Then there was a major uptick in the use of the actual phrase “ask Jesus into your heart” in the 1970s, perhaps as children’s ministry became more formalized and leaders looked for very simple ways to explain to children what a decision for Christ would entail.
Many an evangelical pastor has concluded a sermon by asking non-Christians to “ask [or receive, or invite] Jesus into their heart,” or to pray some version of what some call the “sinner’s prayer.” But some evangelicals, including Baptist pastor David Platt of Birmingham, Alabama, have begun to criticize the sinner’s prayer as unbiblical and superstitious. Surely, he argued in a controversial March sermon, there must be more to salvation than saying a formulaic prayer.
Platt’s comments helped precipitate a debate at the recent Southern Baptist Convention meeting in New Orleans. In a voice vote, a majority of delegates affirmed the sinner’s prayer as “a biblical expression of repentance and faith.”
The phrase “ask Jesus into your heart” is not in the Bible, although there are similar phrases there (“ye have received Christ Jesus the Lord,” Col. 2.6 KJV). So where did this prayer come from?
It turns out that Anglo-American Puritans and evangelicals in the seventeenth and eighteenth centuries used the phrase “receive Christ into your heart,” or something like it, with some regularity. The great Puritan devotional writer John Flavel, for example, spoke of those who had heard the gospel but who would “receive not Christ into their hearts.”

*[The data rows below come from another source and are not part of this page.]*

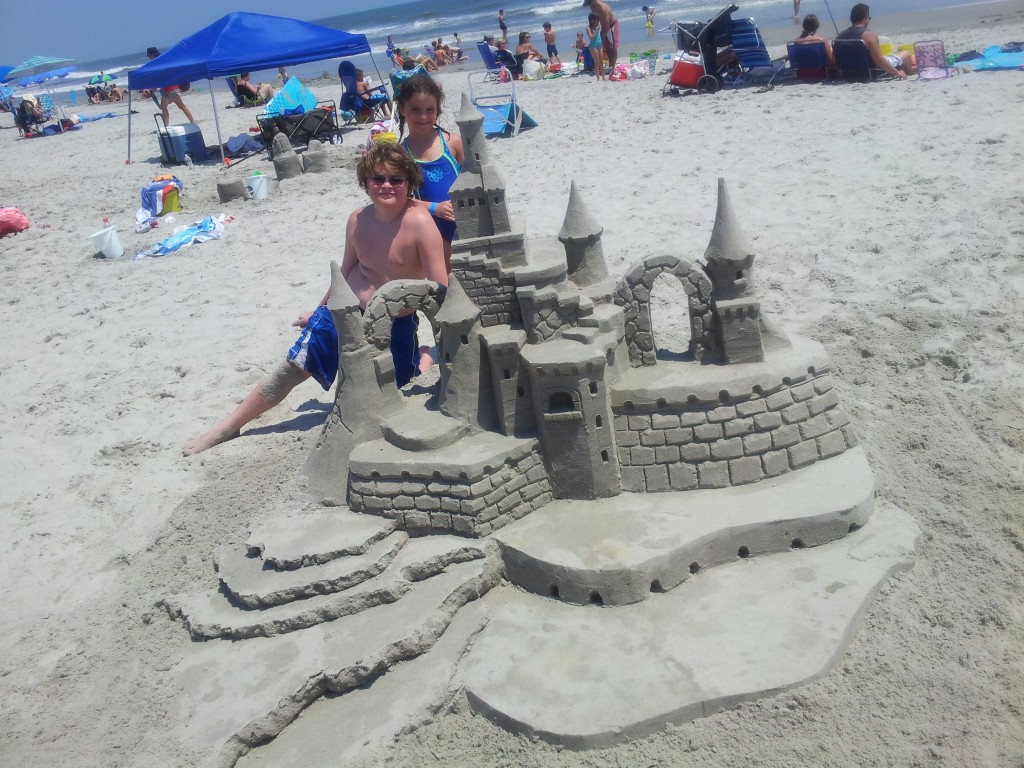 a sand castle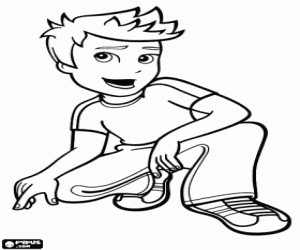 The friend of Polly Pocket, Rick coloring page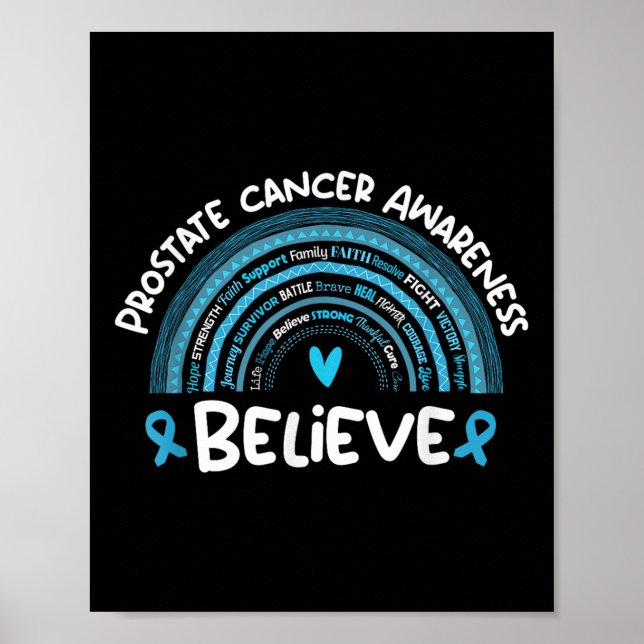 Poster Croire Mois de sensibilisation au cancer de la pro (Devant)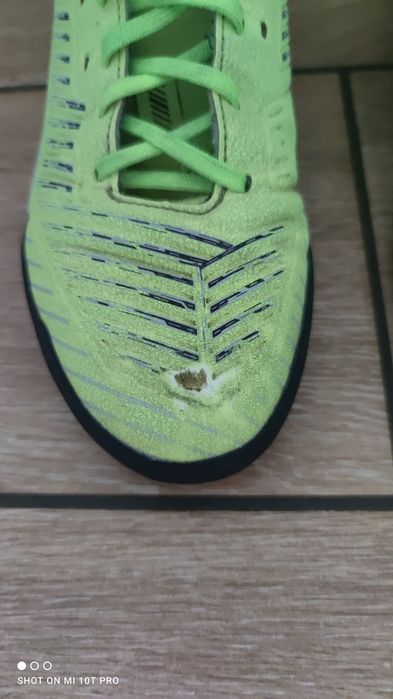 Buty halówki r. 38 limonkowe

But it was just as common for pastors of that era to use the phrase to describe a Christian act of devotion. Thomas Boston, a Scottish Calvinist pastor, encouraged Christians taking communion to receive “Christ into their hearts.” Benjamin Colman, the leading evangelical pastor in Boston in the early eighteenth century, wrote explicitly that Christians should “receive Christ into their hearts, and hold him forth in their lives.”